No entanto, como contraponto à alta produtividade, os agricultores familiares, junto com extrativistas, produtores de mel ou produtores que já tinham encerrado sua produção em áreas temporárias, formavam um contingente de 255 mil produtores sem terras.
Esse aumento das tensões no interior da Amazônia foi novamente denunciado por um documento divulgado no ano passado pela Comissão Pastoral da Terra (CPT). Intitulado “Conflitos no Campo Brasil 2013”, o relatório alerta para um significativo salto nos números de expulsões e despejos na região em relação a 2012, ao contrário do que foi detectado no restante do país.

Na Amazônia, de modo geral, a quantidade de famílias expulsas cresceu 11% e o de famílias despejadas, 76%, passando de 1.795 para 3.167. As taxas para o número de famílias com casas destruídas chegaram a 126%, e as com bens destruídos, 19%.
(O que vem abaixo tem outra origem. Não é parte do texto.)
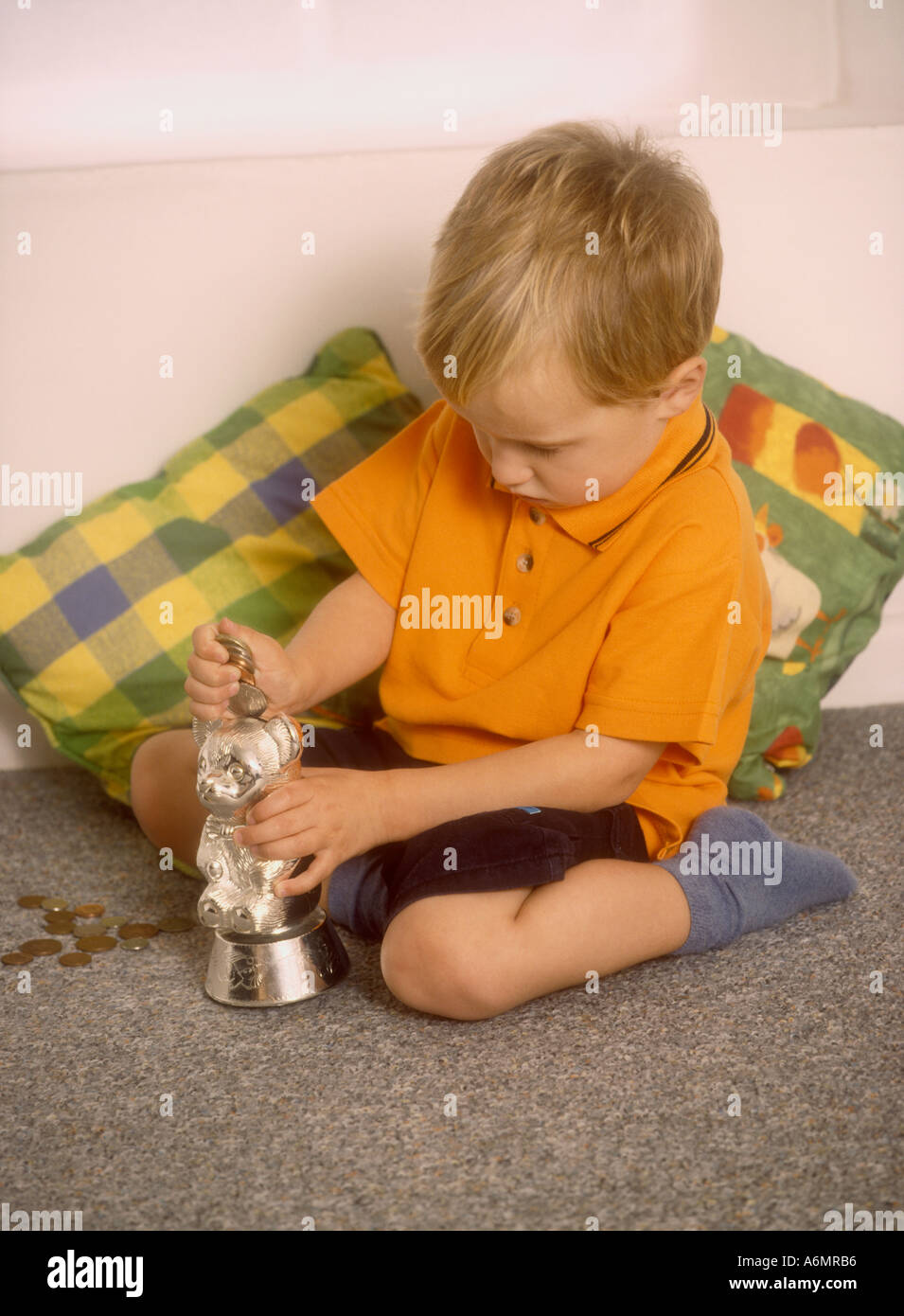 Young boy putting coins into a money box Stock Photo - Alamy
São alarmantes também os dados que mostram que 20 dos 34 assassinatos no campo se deram na região, onde estão as 174 das 241 pessoas ameaçadas de morte, 63 dos 143 presos, e 129 dos 243 agredidos.
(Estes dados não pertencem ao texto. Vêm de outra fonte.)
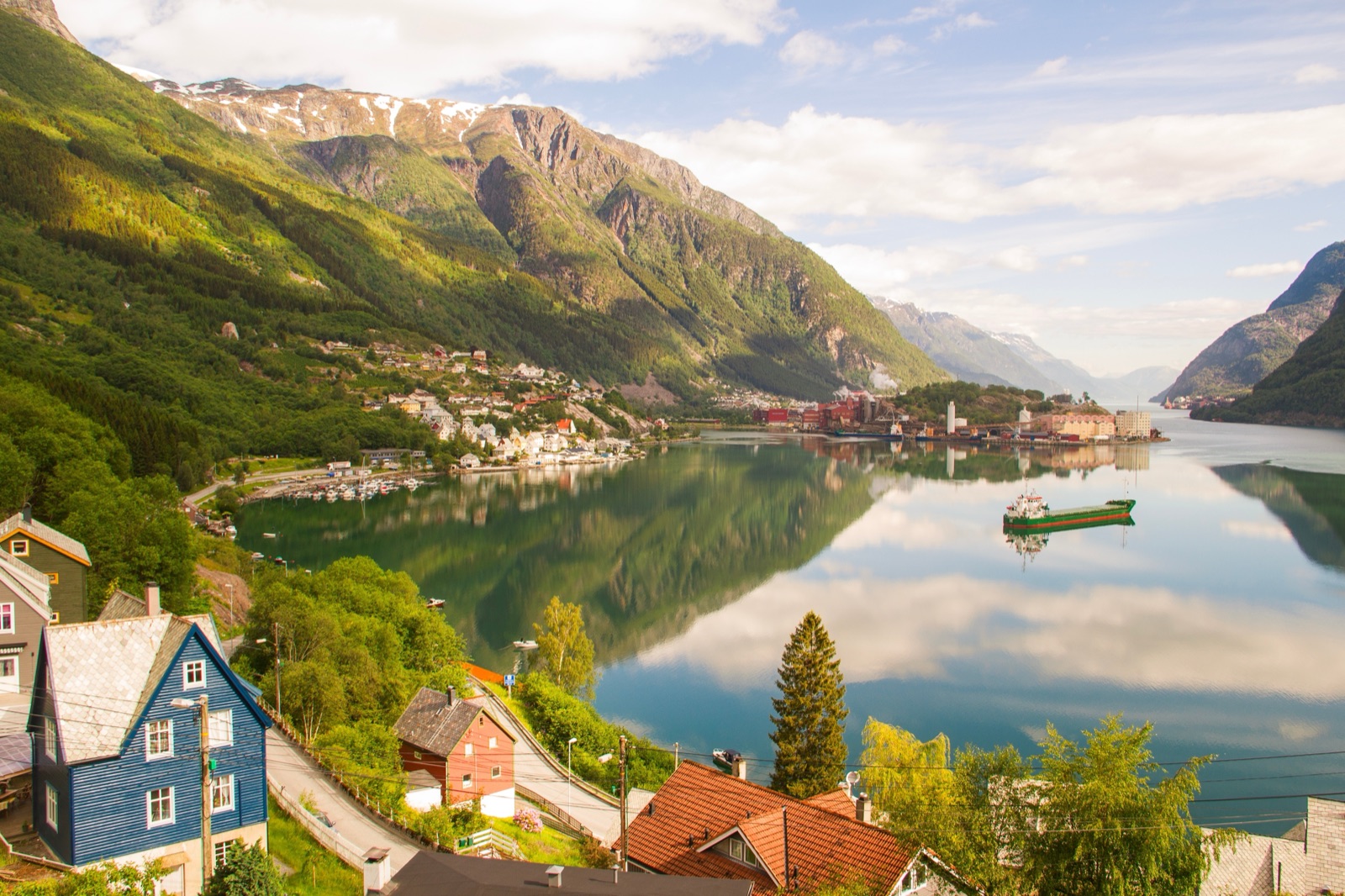 Hus og en kai ved fjorden i Odda, speilet i stille vann under grønne fjell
Diante desse contexto de desigualdade e exclusão, outro tipo de violência (dessa vez simbólica) se estende aos meios de comunicação de massa, onde pequenos produtores e trabalhadores rurais, junto com outros grupos como indígenas, atingidos por barragens, quilombolas, entre outros, permanecem invisíveis num cotidiano de publicações diárias que atrelam suas agendas aos interesses de grupos econômicos dominantes e patronais, sem dar conta da diversidade da vida no interior do estado.

Qual a função do jornalismo nesse universo?

O universo rural da Amazônia continua a ser hoje muito mais dinâmico em termos de diversidade de agentes, atividades e contribuições de cada um com a economia e a sociedade, de modo geral, do que o jornalismo factual paraense compreende em suas páginas e programas diários.

Continuará muito além sempre que esses veículos de comunicação se atrelarem a grupos de interesse, entre os quais – formalmente ou não – ainda hoje circulam nomes associados a atividades ilegais como a exploração do trabalho em condições análogas a de escravos, a grilagem de terras públicas, conflitos por terra e expropriação de comunidades indígenas, de antigos colonos e pequenos produtores.

E mais: por seu papel de mediador no processo de construção social, cultural e simbólica, cabe ao jornalismo tanto a opção de dar voz como a de seguir pela contramão – o silenciamento – , de apresentar diferentes pontos de vistas e visões de mundo para melhor informar ou reforçar preconceitos que reforçam o status quo e perversos esquemas de dominação.

Ao jornalista resta o exercício da reflexão crítica e da avaliação sobre qual desses caminhos percorrer. Sem esquecer que sua principal função social envolve o atendimento ao direito básico do homem de acessar livremente à informação, como pressuposto essencial ao desenvolvimento da própria vida e à participação política de qualidade em um contexto democrático.

Foto com Carlos Xavier: ingenuidade ou Indiferença?

Qualquer que seja a resposta, nós da Chapa 2 consideramos que nenhuma delas ajuda a criar condições para um debate maduro sobre questões tão importantes para a agenda midiática e política da região. E mais: a indiferença em relação aos efeitos políticos que essas alianças podem gerar demonstra o descompromisso com questões maiores e de interesse público, que extrapolam em muito as questões estritamente profissionais.

“A ignorância, João, por mais que nos entristeça, ainda é perdoável, num país que só agora vem descobrindo a necessidade de escola para todos. Mas a indiferença, perante o sofrimento e a destruição, é um sentimento maldoso” (Carta de Thiago de Mello a João Meirelles; Prefácio de “O Livro de Ouro da Amazônia”).